A proposed new prostitution law by the federal Conservatives doesn’t seem to be making anybody happy.
On Thursday, Justice Minister Peter MacKay told a Commons committee that he’s open to new ideas but that they’ll have to be proposed soon.
It’s one of those topics that is going to infuriate somebody regardless of how perfect a solution there might be.
The sensible thing to do seems to fall on one of two extremes. Either ban it and then punish both the johns and the prostitutes like you’re serious about enforcing it or legalize it, license it and tax it.
Anything between those two extremes seems like a half measure.
Prostitution was virtually legal under Canada’s old law, unless of course you were pimping, looking after a brothel or communicating in a public place for the purposes of prostitution.

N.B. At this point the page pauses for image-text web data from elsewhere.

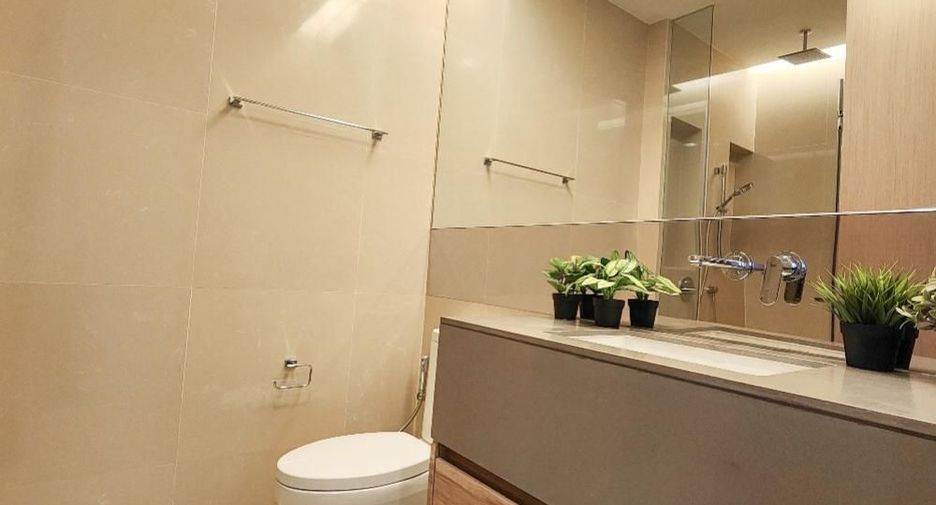 For rent 2 bedrooms condo in Watthana, Bangkok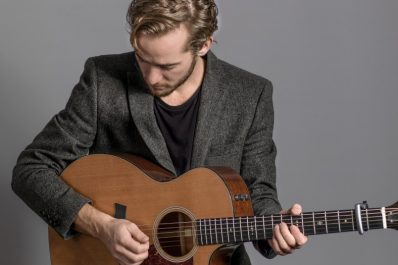 How Much Does It Cost to Hire a Musician in 2023? (Average Prices Explained)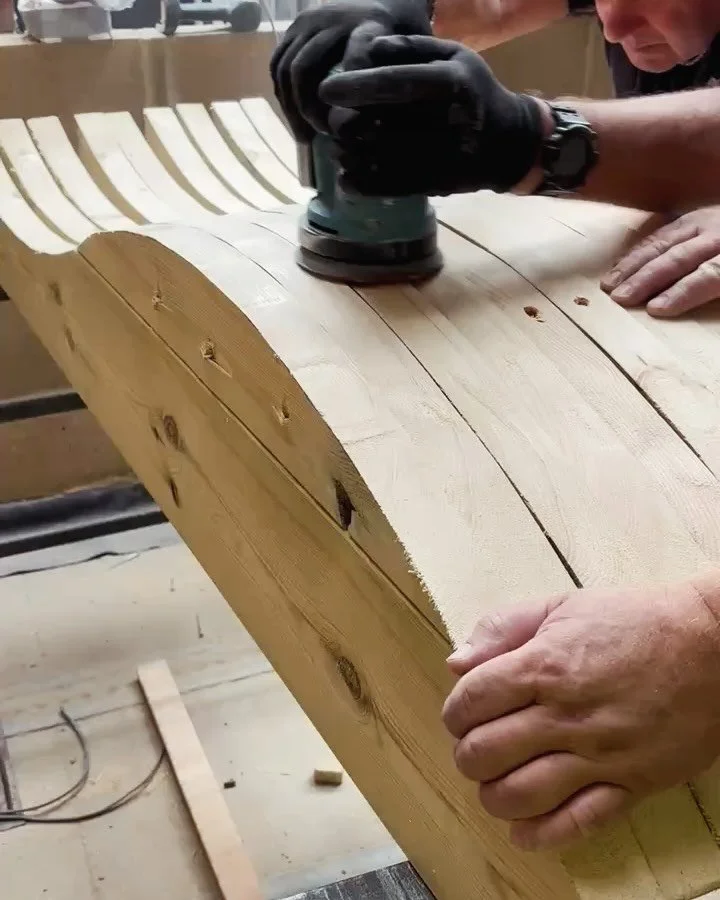 Creating the curved lead roof to this bay was very much a labour of craft. Each stage required careful setting out and a steady hand from our team.

A series of curved joists were first formed from templates to create the roof structure. Three layers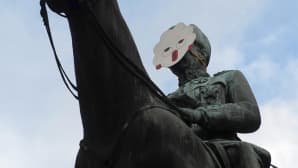 Mannerheimin ratsastajapatsas Helsingissä naamari kasvoillaan.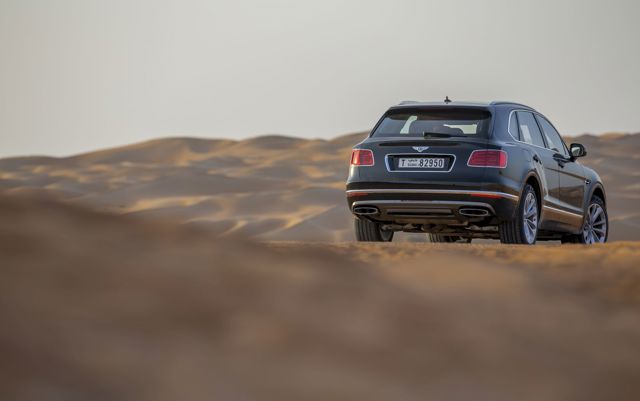 Bentley Bentayga Foto 32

The change that’s now being undertaken was actually forced by the Supreme Court, which was worried the old law put sex workers at risk, and as a result said the statutes violated the Charter right to security of the person.
The Conservatives have made some sweeping changes to deal with that criticism.
• They criminalize the purchase of sexual services.
• They ban the sale of sex near places where children gather, which seems reasonable.
• They target the people who benefit from prostitution.
• They ban all advertising of sexual services on the Internet and in print.
Prime Minister Stephen Harper says that prostitution is harmful to women, a point that’s difficult to dispute. Many sex trade workers are fighting addictions of different kinds or in vulnerable financial spots.
But it’s difficult to see where exactly their changes are going to make the lives of sex trade workers better.
In fact some advocates for the women say the bill will actually force workers to operate in even more isolated areas, putting them further at risk. And if that’s the case, it will be interesting to hear what the High Court thinks.
It’s a point that NDP justice critic Francoise Boivin, a committee member, made during an interview with the Canadian Press on Thursday.
“There’s going to be tons of suggestions for either amending, or making it more compliant to the decision,” Boivin said. “I think we need to reflect on it so we don’t create something as non-Charter compliant as the previous sections in the Criminal Code were.”
The committee will begin four days of hearings on Monday on the matter and it’s to MacKay’s credit that he’s willing to listen. The new law must be in place by December to meet the Supreme Court’s ruling so there is a sense of urgency in the proceedings.
Let’s just hope that MacKay’s ears are as open as he suggests, because he has already said he believes the new law will be fine with the Supreme Court. But a good idea is a good idea, regardless of where it comes from.